The history of the Netherlands is the history of a seafaring people thriving on a lowland river delta on the North Sea in northwestern Europe. Records begin with the four centuries during which the region formed a militarized border zone of the Roman empire. This came under increasing pressure from Germanic peoples moving westwards. As Roman power collapsed and the Middle Ages began, three dominant Germanic peoples coalesced in the area, Frisians in the north and coastal areas, Low Saxons in the northeast, and the Franks in the south.
During the Middle Ages, the descendants of the Carolingian dynasty, came to dominate the area and then extended their rule to a large part of Western Europe. The region of the Netherlands therefore became part of Lower Lotharingia within the Frankish Holy Roman Empire. For several centuries, lordships such as Brabant, Holland, Zeeland, Friesland, Guelders and others held a changing patchwork of territories. There was no unified equivalent of the modern Netherlands.

By 1433, the Duke of Burgundy had assumed control over most of the lowlands territories in Lower Lotharingia; he created the Burgundian Netherlands which included modern Belgium, Luxembourg, and a part of France.
The Catholic kings of Spain took strong measures against the new Protestantism and other dissent, which polarized those peoples of present-day Belgium and Holland. The subsequent Dutch revolt led to splitting the Burgundian Netherlands into a Catholic French and Dutch-speaking "Spanish Netherlands" (approximately modern) Belgium and Luxembourg, and a northern "United Provinces", which spoke Dutch and was predominantly Protestant, with a large Catholic minority. It became the modern Netherlands.
In the Dutch Golden Age, which had its zenith around 1667, there was a flowering of trade, industry, the arts and the sciences. A rich worldwide Dutch empire developed and the Dutch East India Company became one of the earliest and most important of national mercantile companies based on entrepreneurship and trade.
During the 18th century the power and wealth of the Netherlands declined. A series of wars with the more powerful British and French neighbors weakened it. Britain seized the North American colony of New Amsterdam, turning it into New York. There was growing unrest and conflict between the Orangists and the Patriots. The French Revolution spilled over after 1789, and a pro-French Batavian Republic was established in 1795–1806. Napoleon made it a satellite state, the Kingdom of Holland (1806–1810), and later simply a French imperial province.
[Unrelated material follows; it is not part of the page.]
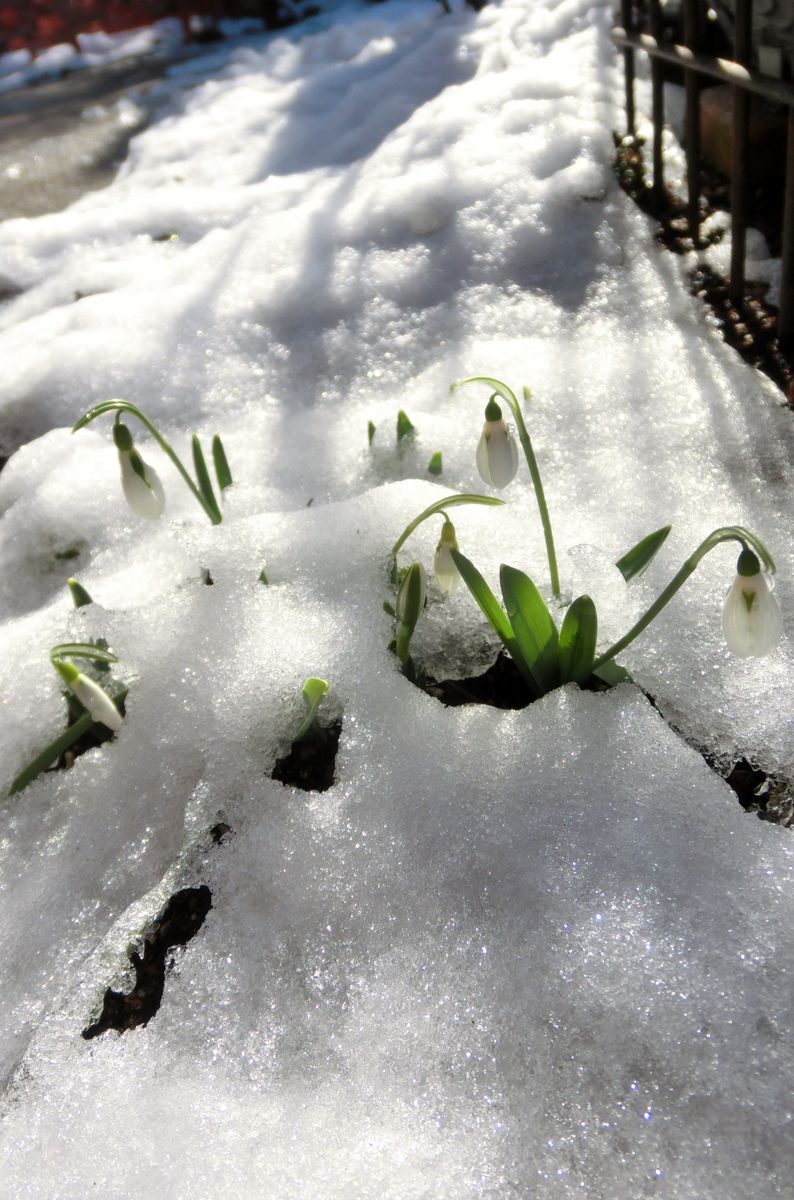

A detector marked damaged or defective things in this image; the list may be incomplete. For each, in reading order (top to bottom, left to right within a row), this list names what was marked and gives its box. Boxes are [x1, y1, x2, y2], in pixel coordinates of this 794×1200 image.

rusty iron fence [616, 0, 794, 350]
After the collapse of Napoleon in 1813-15, an expanded "United Kingdom of the Netherlands" was created with the House of Orange as monarchs, also ruling Belgium and Luxembourg. The King imposed unpopular Protestant reforms on Belgium, which revolted in 1830 and became independent in 1839. After an initially conservative period, in the 1848 constitution the country became a parliamentary democracy with a constitutional monarch. Modern Luxembourg initially remained united with the Netherlands, but today is ruled by a separate branch of the Dutch royal family.
The Netherlands was neutral during the First World War, but during the Second World War, it was invaded and occupied by Nazi Germany. The Nazis, including many collaborators, rounded up and killed almost all the Jews (most famously Anne Frank). When the Dutch resistance increased, the Nazis cut off food supplies to much of the country, causing severe starvation in 1944-45. In 1942, the Dutch East Indies was conquered by Japan, but first the Dutch destroyed the oil wells that Japan needed so badly. Indonesia proclaimed its independence in 1945. Suriname gained independence in 1975. The postwar years saw rapid economic recovery (helped by the American Marshall Plan), followed by the introduction of a welfare state during an era of peace and prosperity. The Netherlands formed a new economic alliance with Belgium and Luxembourg, the Benelux, and all three became founding members of the European Union and NATO. In recent decades, the Dutch economy has been closely linked to that of Germany, and is highly prosperous. After World War II the pillarized system that had separated society into closed Catholic, Protestant and secular pillars became integrated; Catholic and Protestant religiosity declined sharply. However, the arrival of immigrant Muslims (particularly Turks and Moroccans) may form a new polarization in the 21st century.